-- TASK DIRECTIONS --
All the lines below should be set down exactly, with no picture carried into the copy.
╔══
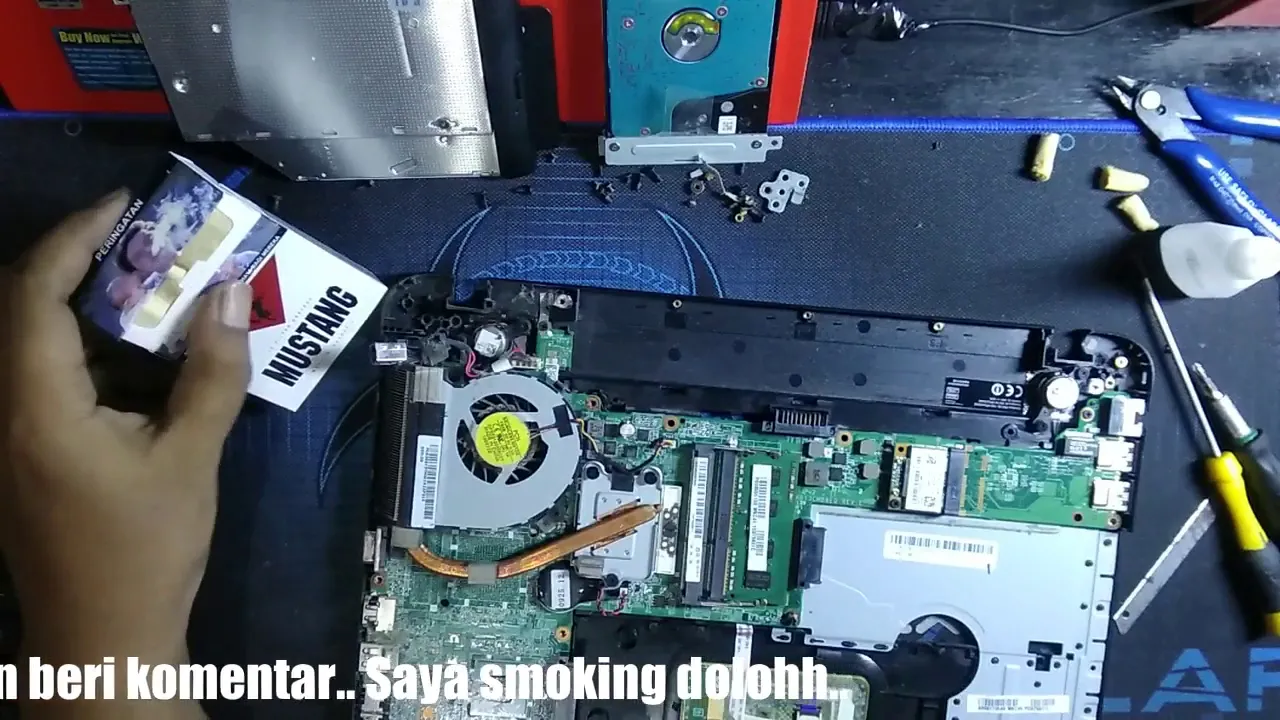 Service Engsel Laptop toshiba C800. 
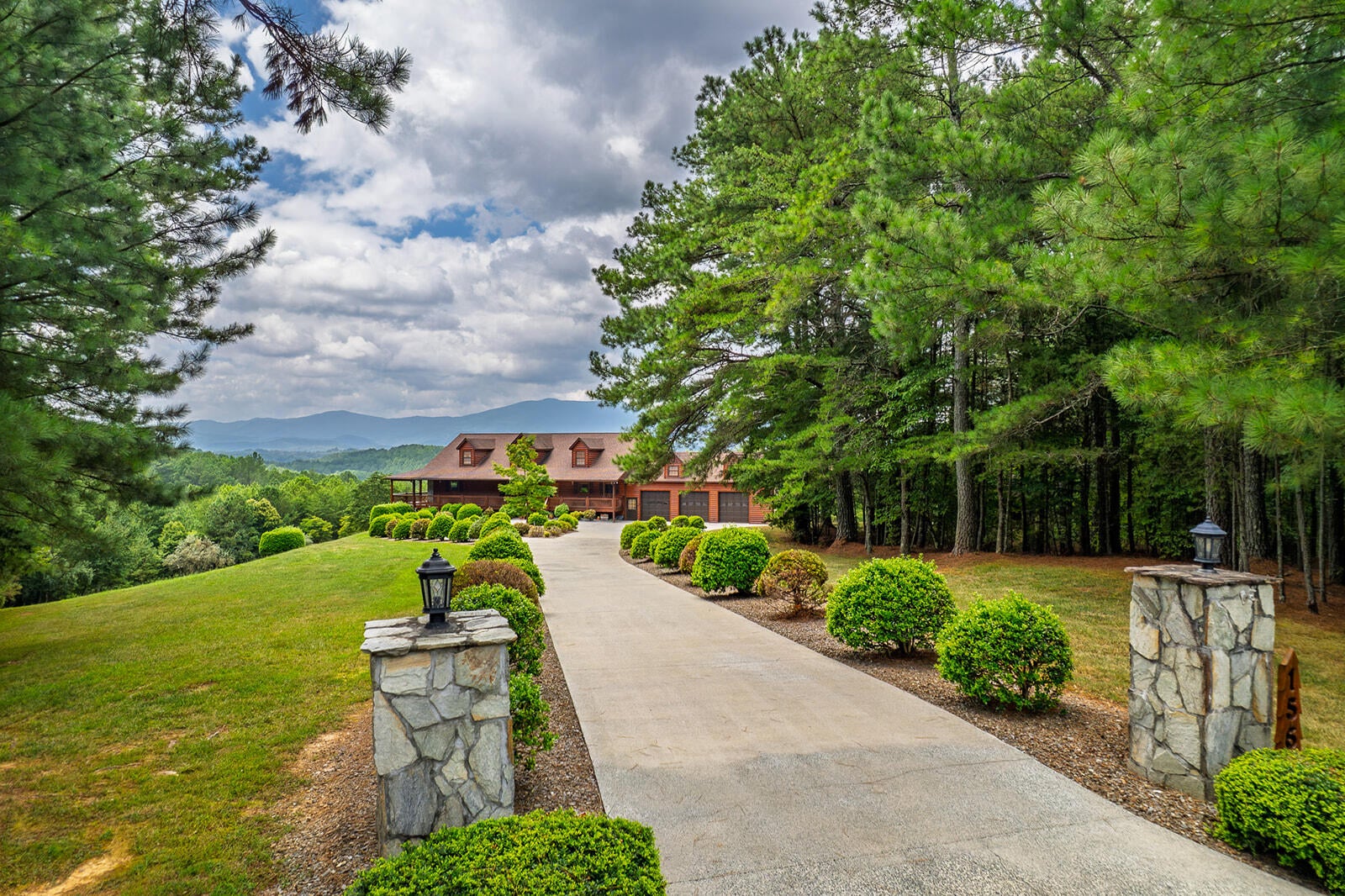 Copperhill, Tennessee, 37317, United States, 5 Bedrooms Bedrooms, ,6 BathroomsBathrooms,Residential,Active,1877841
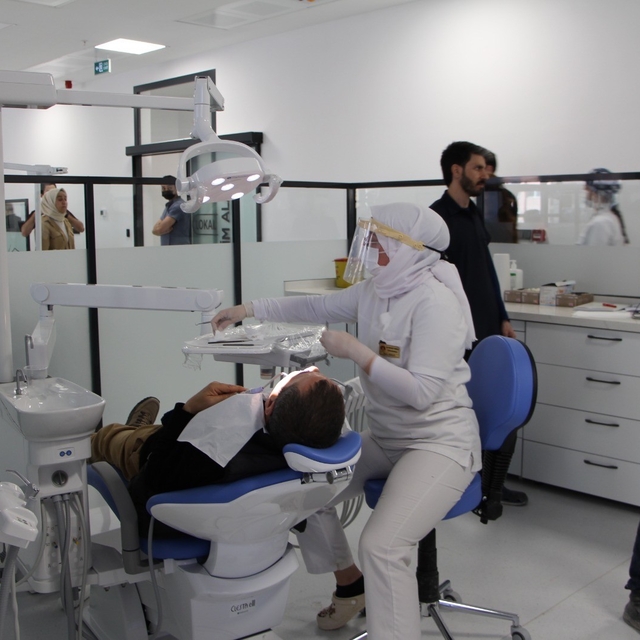 Fırat Üniversitesi Diş Hekimliği Fakültesi ve Hastanesi kapılarını açtı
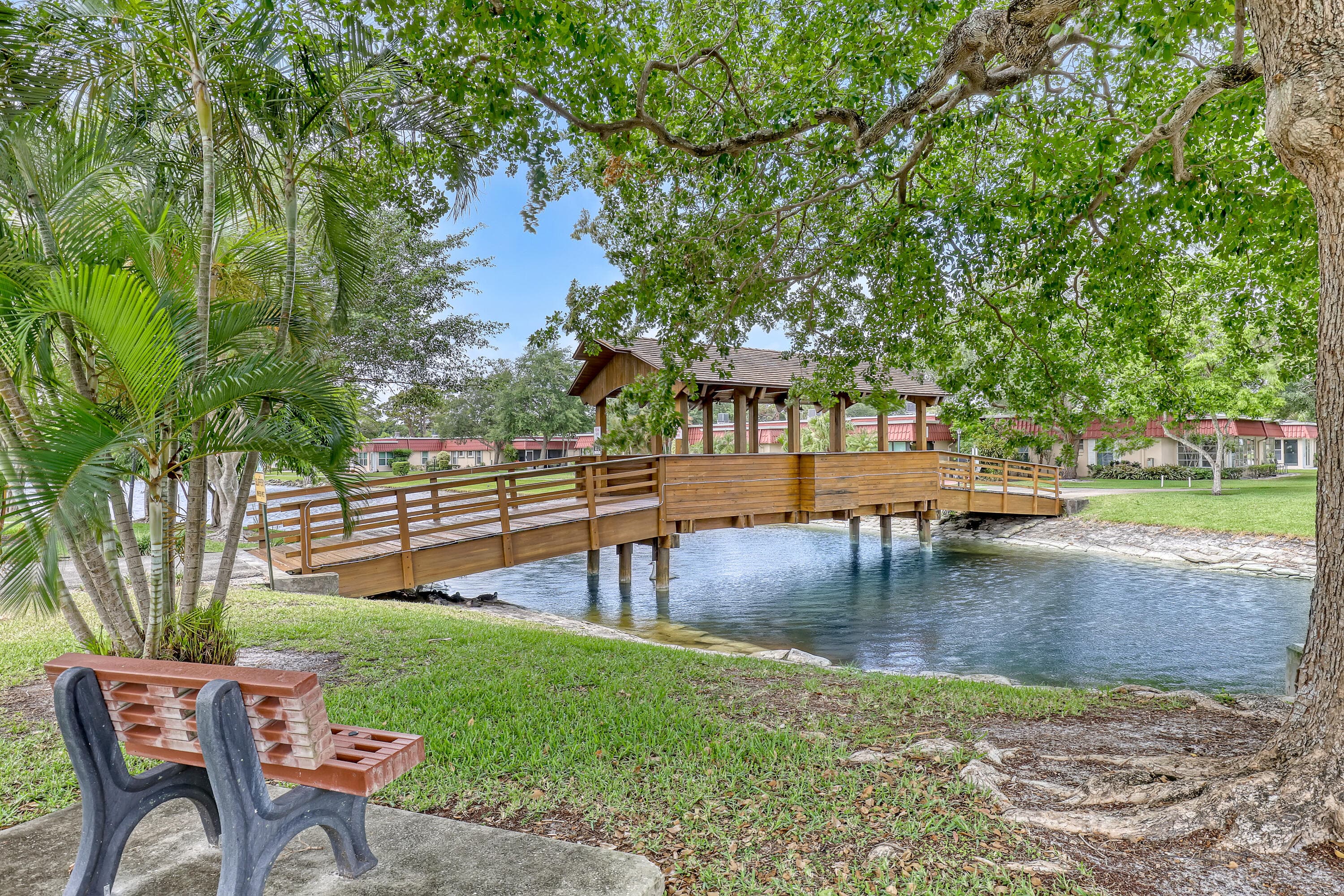 553 Covered Bridge Boulevard, Lake Worth, FL 33467 42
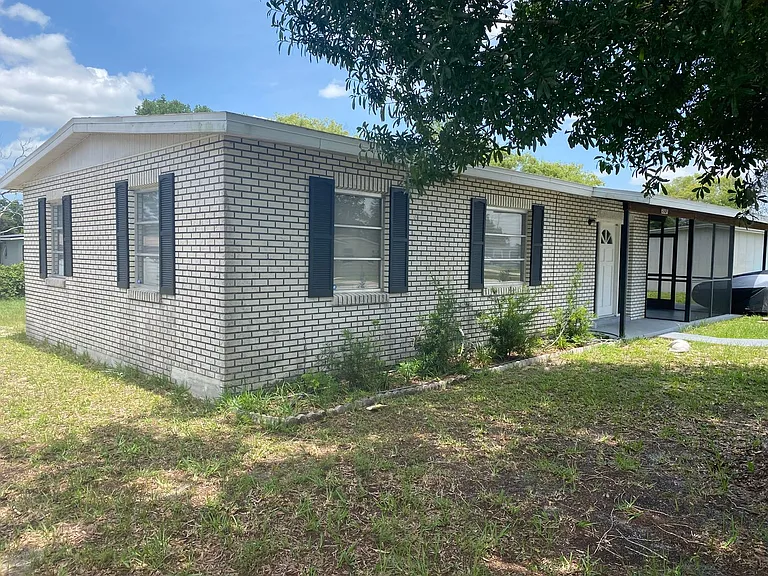 2309 Idaho Rd — Photo 1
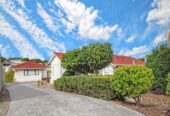 Once in 24 years, Macleans, 885m² with Services, Two Dwellings (5 beds 2 baths main house + 2 beds 1 bath second dwelling), 0.1 km to Macleans Primary School, 0.6 km to Bucklands Beach Intermediate, 0.7 km to Macleans College, 70 Priestley Drive, Bucklands Beach, Auckland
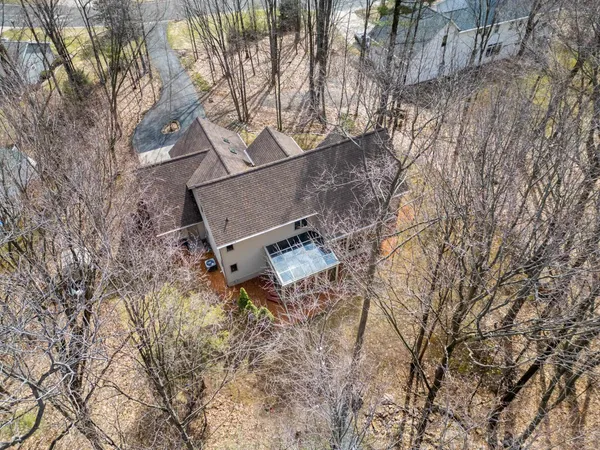 $599,900 | 1825 Pine Tree Court, Luxemburg, WI 54217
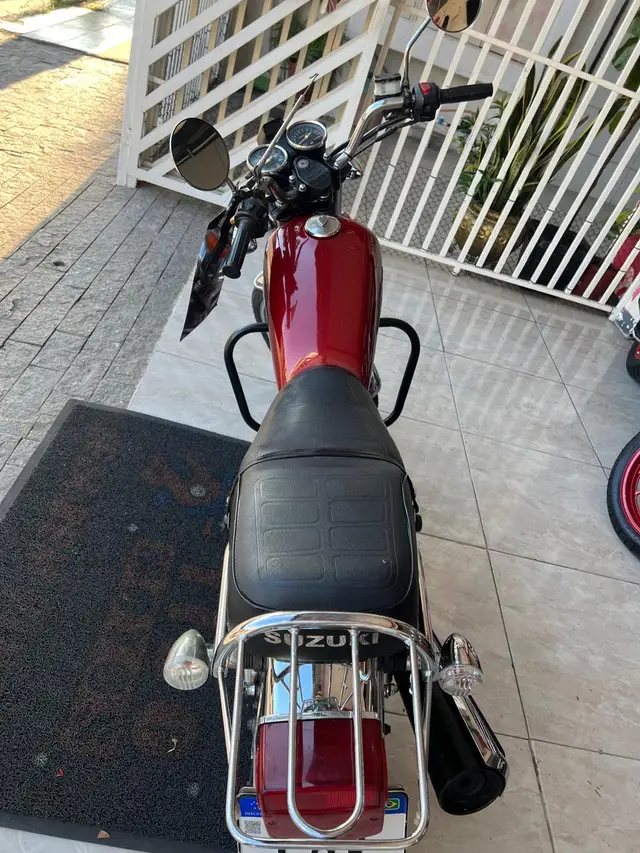Carro Suzuki Intruder 2011 125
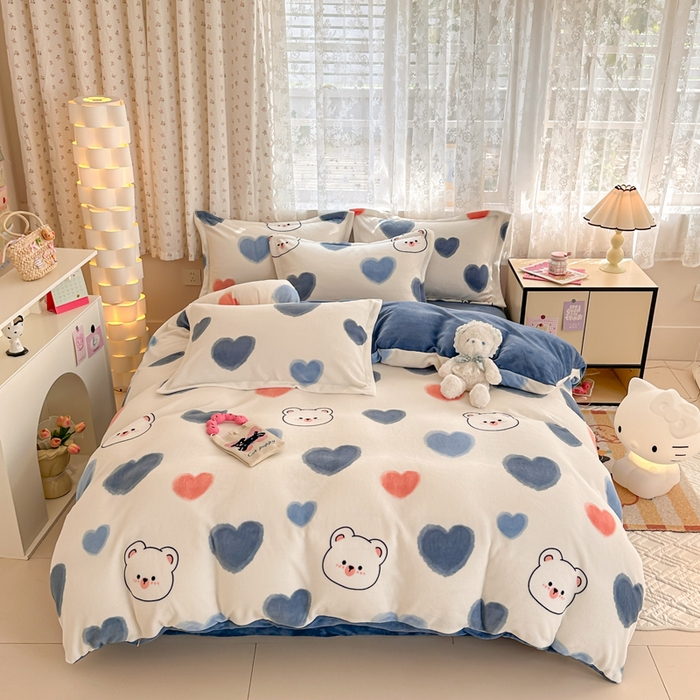 91家纺网 家纺一手货源 找家纺 全季家居 2024新款A类小清新印花牛奶绒高克重加厚保暖被套单件 爱心熊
╚══
-- ANSWER --
 Service Engsel Laptop toshiba C800. 
 Copperhill, Tennessee, 37317, United States, 5 Bedrooms Bedrooms, ,6 BathroomsBathrooms,Residential,Active,1877841
 Fırat Üniversitesi Diş Hekimliği Fakültesi ve Hastanesi kapılarını açtı
 553 Covered Bridge Boulevard, Lake Worth, FL 33467 42
 2309 Idaho Rd — Photo 1
 Once in 24 years, Macleans, 885m² with Services, Two Dwellings (5 beds 2 baths main house + 2 beds 1 bath second dwelling), 0.1 km to Macleans Primary School, 0.6 km to Bucklands Beach Intermediate, 0.7 km to Macleans College, 70 Priestley Drive, Bucklands Beach, Auckland
 $599,900 | 1825 Pine Tree Court, Luxemburg, WI 54217
Carro Suzuki Intruder 2011 125
 91家纺网 家纺一手货源 找家纺 全季家居 2024新款A类小清新印花牛奶绒高克重加厚保暖被套单件 爱心熊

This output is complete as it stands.